WHAT YOU HAVE TO DO — Would you output the entries below only from the line containing "HOOGVLIET folder - Van woensdag 6 mei 2026" through the line containing "Uriprinol de Health Aid", exactly as they stand and with both ends included?

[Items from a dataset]
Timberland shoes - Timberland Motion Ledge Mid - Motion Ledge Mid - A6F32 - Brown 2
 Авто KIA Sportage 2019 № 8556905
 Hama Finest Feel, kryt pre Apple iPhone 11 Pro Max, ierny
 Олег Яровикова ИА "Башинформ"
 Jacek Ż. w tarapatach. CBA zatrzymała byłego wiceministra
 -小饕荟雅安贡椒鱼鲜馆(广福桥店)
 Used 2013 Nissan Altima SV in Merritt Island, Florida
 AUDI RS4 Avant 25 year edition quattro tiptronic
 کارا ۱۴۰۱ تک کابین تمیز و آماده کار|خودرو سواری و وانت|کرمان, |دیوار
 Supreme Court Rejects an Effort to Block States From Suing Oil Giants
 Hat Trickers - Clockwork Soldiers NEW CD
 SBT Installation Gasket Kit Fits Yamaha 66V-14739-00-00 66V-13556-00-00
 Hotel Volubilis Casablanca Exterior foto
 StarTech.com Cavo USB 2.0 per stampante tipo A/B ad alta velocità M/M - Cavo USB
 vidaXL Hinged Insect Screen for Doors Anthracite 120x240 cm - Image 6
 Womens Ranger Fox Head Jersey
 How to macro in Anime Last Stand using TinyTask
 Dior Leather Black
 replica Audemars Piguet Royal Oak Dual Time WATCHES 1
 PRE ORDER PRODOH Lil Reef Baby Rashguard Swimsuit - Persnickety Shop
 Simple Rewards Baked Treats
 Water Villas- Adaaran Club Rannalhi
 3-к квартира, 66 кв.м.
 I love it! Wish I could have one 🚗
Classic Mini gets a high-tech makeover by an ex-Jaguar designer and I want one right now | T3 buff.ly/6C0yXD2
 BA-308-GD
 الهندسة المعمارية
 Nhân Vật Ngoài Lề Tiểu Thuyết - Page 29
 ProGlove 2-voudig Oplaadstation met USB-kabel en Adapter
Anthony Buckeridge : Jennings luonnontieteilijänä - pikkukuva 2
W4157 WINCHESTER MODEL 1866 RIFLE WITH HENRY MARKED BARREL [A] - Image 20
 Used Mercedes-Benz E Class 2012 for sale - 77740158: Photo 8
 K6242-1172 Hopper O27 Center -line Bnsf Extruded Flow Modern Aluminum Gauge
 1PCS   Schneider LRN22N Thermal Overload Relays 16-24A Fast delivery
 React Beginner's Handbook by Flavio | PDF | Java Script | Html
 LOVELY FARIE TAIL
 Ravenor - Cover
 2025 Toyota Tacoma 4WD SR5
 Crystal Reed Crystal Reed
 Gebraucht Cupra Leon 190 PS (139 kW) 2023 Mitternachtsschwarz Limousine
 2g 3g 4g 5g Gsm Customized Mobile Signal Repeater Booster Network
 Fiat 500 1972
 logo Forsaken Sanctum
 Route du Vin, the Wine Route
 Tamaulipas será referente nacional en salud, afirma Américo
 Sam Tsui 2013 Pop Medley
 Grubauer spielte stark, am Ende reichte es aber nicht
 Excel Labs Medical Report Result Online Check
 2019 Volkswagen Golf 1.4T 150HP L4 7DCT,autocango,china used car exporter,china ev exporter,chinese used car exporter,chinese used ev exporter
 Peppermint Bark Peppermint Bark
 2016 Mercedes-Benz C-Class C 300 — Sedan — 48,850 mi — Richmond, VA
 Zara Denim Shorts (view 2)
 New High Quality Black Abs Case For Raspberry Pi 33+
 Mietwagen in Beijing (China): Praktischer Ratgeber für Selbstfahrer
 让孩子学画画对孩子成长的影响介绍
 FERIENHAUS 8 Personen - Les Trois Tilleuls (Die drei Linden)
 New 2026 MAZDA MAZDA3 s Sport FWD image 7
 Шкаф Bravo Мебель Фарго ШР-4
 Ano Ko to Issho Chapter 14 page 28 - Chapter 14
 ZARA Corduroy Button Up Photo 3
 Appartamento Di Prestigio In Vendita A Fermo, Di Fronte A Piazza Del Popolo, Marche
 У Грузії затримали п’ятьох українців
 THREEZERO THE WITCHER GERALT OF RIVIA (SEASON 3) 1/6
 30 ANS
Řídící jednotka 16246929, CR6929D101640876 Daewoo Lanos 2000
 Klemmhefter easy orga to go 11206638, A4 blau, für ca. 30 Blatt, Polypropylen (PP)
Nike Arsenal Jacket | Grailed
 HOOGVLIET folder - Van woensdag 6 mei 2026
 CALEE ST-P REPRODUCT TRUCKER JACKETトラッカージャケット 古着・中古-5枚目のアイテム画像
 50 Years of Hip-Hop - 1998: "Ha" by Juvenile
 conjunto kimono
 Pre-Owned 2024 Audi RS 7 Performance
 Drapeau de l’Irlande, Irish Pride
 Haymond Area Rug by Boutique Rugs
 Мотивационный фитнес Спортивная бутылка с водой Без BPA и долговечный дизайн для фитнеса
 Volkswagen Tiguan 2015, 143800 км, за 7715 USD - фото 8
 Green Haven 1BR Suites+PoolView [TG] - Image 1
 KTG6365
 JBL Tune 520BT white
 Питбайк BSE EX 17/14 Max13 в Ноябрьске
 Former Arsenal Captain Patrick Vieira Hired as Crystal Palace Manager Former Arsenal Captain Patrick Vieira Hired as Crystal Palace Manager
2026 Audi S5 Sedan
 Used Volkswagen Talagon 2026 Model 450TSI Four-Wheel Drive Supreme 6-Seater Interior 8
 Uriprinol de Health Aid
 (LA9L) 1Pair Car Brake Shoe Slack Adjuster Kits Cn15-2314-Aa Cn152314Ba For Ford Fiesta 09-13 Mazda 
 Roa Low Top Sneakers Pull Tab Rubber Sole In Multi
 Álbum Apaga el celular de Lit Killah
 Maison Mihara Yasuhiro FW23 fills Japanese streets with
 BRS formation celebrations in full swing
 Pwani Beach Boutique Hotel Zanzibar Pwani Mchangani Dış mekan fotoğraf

ANSWER FOR THIS EXERCISE —
 HOOGVLIET folder - Van woensdag 6 mei 2026
 CALEE ST-P REPRODUCT TRUCKER JACKETトラッカージャケット 古着・中古-5枚目のアイテム画像
 50 Years of Hip-Hop - 1998: "Ha" by Juvenile
 conjunto kimono
 Pre-Owned 2024 Audi RS 7 Performance
 Drapeau de l’Irlande, Irish Pride
 Haymond Area Rug by Boutique Rugs
 Мотивационный фитнес Спортивная бутылка с водой Без BPA и долговечный дизайн для фитнеса
 Volkswagen Tiguan 2015, 143800 км, за 7715 USD - фото 8
 Green Haven 1BR Suites+PoolView [TG] - Image 1
 KTG6365
 JBL Tune 520BT white
 Питбайк BSE EX 17/14 Max13 в Ноябрьске
 Former Arsenal Captain Patrick Vieira Hired as Crystal Palace Manager Former Arsenal Captain Patrick Vieira Hired as Crystal Palace Manager
2026 Audi S5 Sedan
 Used Volkswagen Talagon 2026 Model 450TSI Four-Wheel Drive Supreme 6-Seater Interior 8
 Uriprinol de Health Aid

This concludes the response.